START Records shown

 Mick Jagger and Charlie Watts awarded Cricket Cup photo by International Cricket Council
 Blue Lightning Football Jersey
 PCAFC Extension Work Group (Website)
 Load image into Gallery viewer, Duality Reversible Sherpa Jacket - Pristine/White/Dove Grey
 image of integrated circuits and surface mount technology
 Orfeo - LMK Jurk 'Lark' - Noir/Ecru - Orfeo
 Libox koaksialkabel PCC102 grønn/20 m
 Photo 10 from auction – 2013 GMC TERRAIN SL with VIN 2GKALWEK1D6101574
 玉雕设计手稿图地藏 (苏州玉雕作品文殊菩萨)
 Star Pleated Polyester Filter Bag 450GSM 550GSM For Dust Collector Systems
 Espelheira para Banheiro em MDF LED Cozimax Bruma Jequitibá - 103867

END Records shown

Every line that holds the word "image" should be copied from the listing.

 Load image into Gallery viewer, Duality Reversible Sherpa Jacket - Pristine/White/Dove Grey
 image of integrated circuits and surface mount technology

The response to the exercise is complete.